RÉFLEXIONS pour Dn 1:1-21
En lisant le livre de Daniel, on remarque facilement qu’il se compose de deux parties : la première (chap. 1-6) comprend la description de la fermeté et de la fidélité à Dieu pendant les persécutions, tandis que la seconde (chap. 7-12) contient des visions apocalyptiques que l’auteur du livre attribue à Daniel, héros d’anciennes traditions juives, qui devient sous sa plume un confesseur de la foi.

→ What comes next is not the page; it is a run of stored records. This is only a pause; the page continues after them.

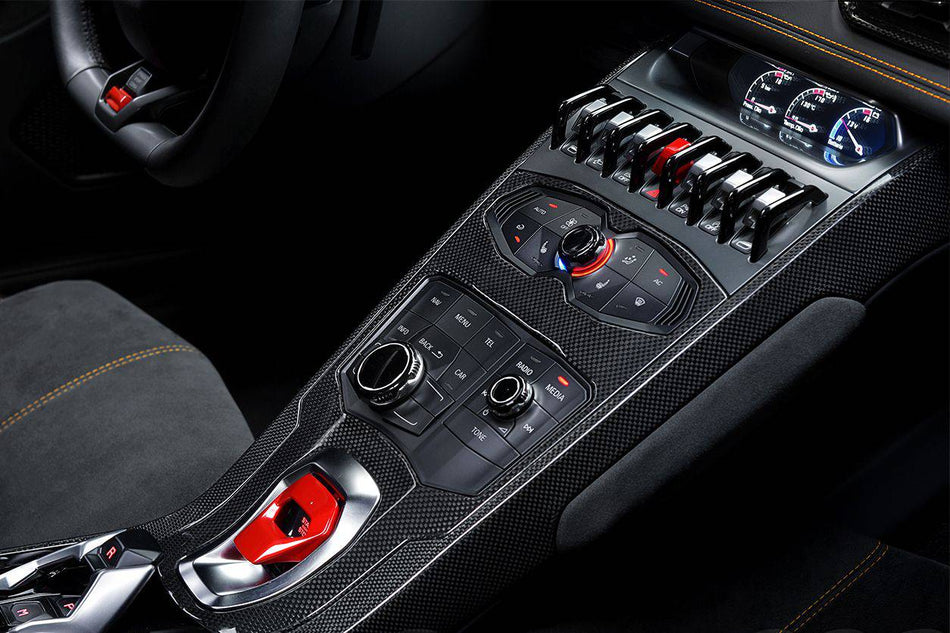 2015-2019 Lamborghini Huracan LP610 & LP580 OEM Style Autoclave Carbon Fiber Center Console Tunnel - Carbonado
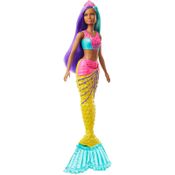 Barbie Dreamtopia Sereia - Calda Amarela - GJK10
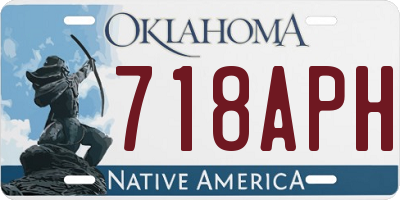 OK license plate 718APH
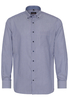 ETERNA LANGE MOUW OVERHEMD MODERN FIT TWILL MARINEBLAUW GESTREEPT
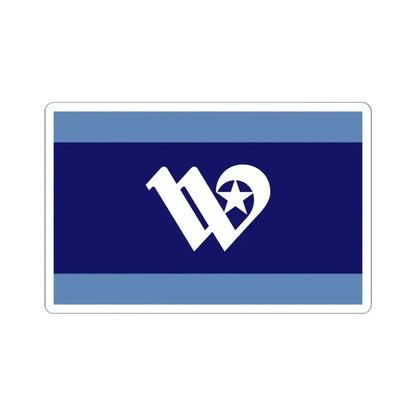Flag of Waco Texas (United States) STICKER Vinyl Kiss-Cut Decal 6 Inch White - The Sticker Space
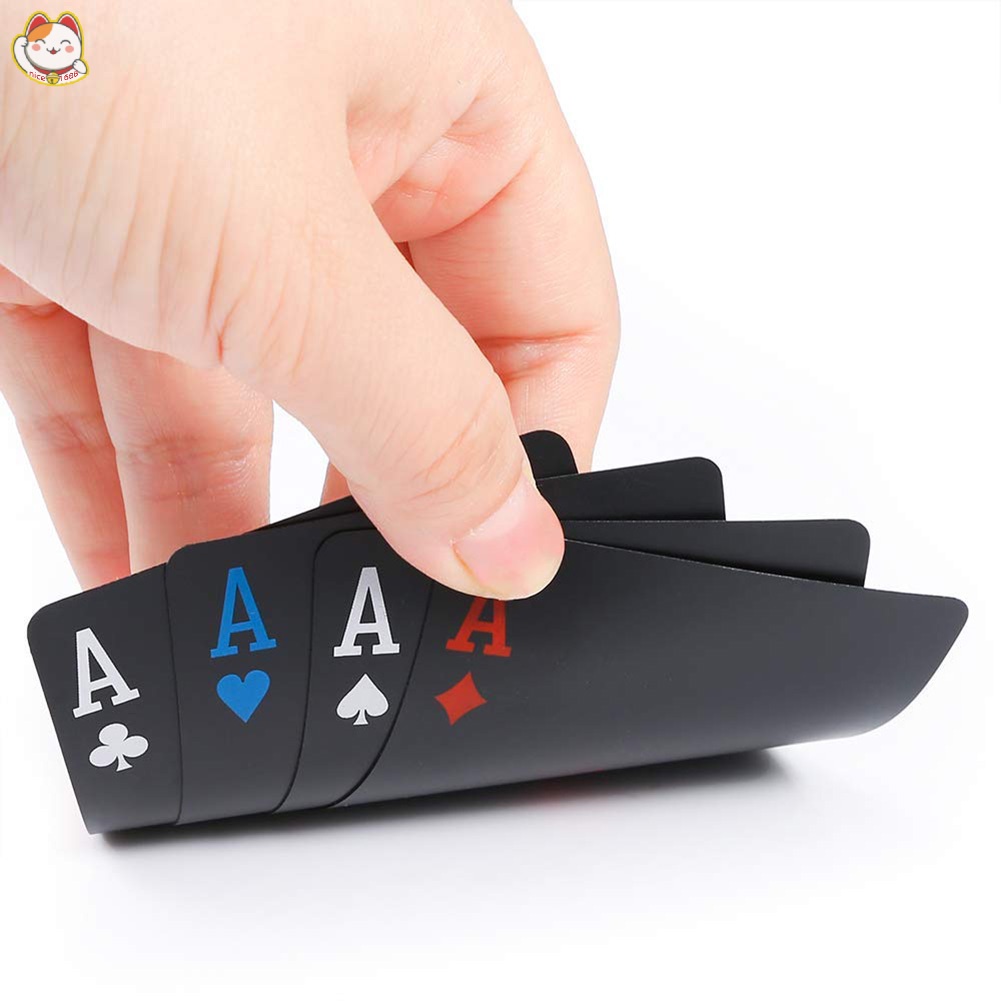 2Packs/108pcs Waterproof PVC Poker Playing Cards Magic Tricks Tool 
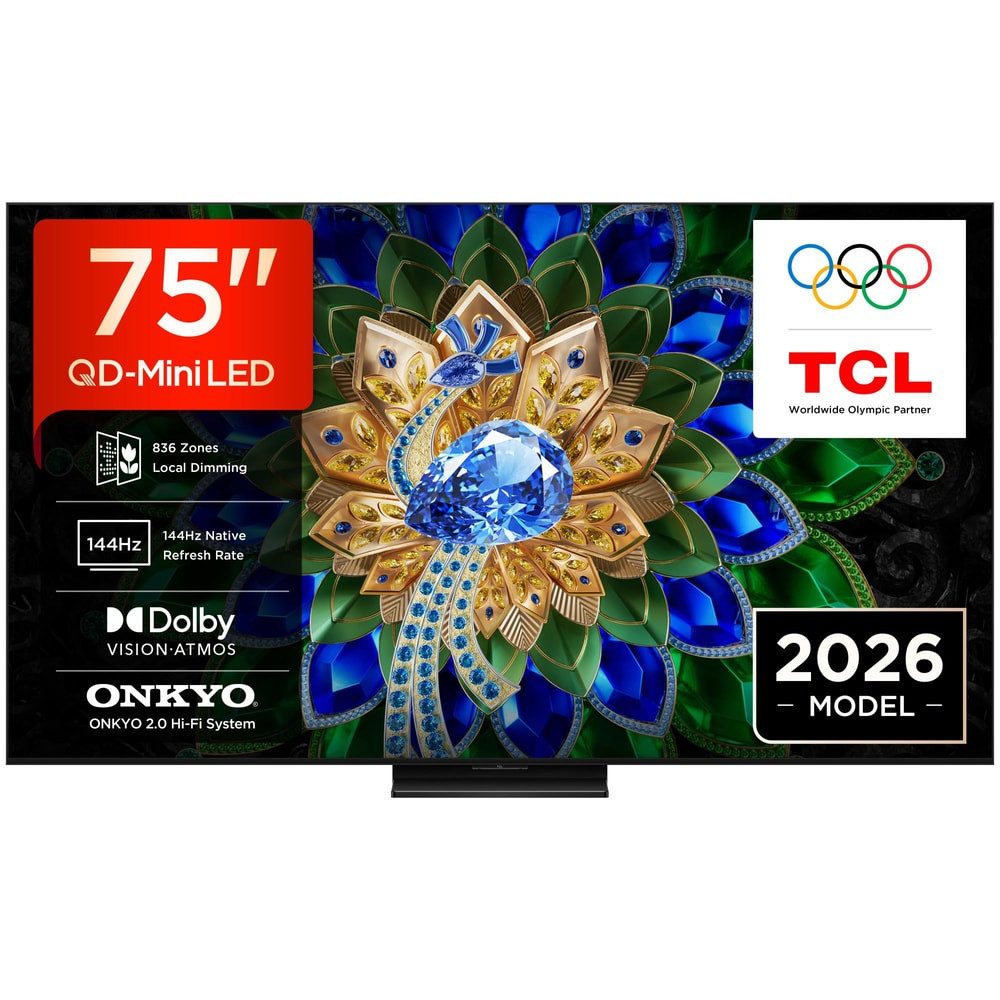 TCL 75A400UX1 QLED Mini LED-Fernseher (75 Zoll, 4K Ultra HD)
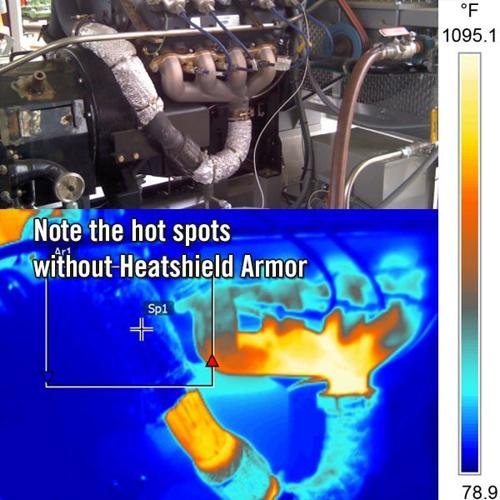 HEATSHIELD ARMOUR HOT PIPE KIT 300MM X 900MM X 13MM + TIES (500MM LONG)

On sait peu de choses aujourd’hui sur le Daniel des traditions juives ; quant au livre de Daniel, selon la majorité des biblistes, il fut écrit au milieu du IIe siècle av. J.-C., au temps des persécutions d’Antiochos Épiphane et des guerres maccabéennes. Le fait que l’auteur du livre ait placé son action à l’époque de l’exil à Babylone s’explique très bien. Il ne s’agit pas du fait qu’à Babylone les Juifs auraient subi des persécutions ou des poursuites : au contraire, les autorités locales cherchaient à ce que la communauté juive s’assimile le plus vite possible, et les persécutions n’auraient certainement pas servi ce but. Il s’agit du fait que l’assimilation comme l’anéantissement physique, dont la menace pesait sur le peuple pendant les persécutions d’Antiochos Épiphane, menaçaient pareillement le peuple de Dieu de disparition, ce qui, naturellement, n’entrait pas dans les desseins de Dieu.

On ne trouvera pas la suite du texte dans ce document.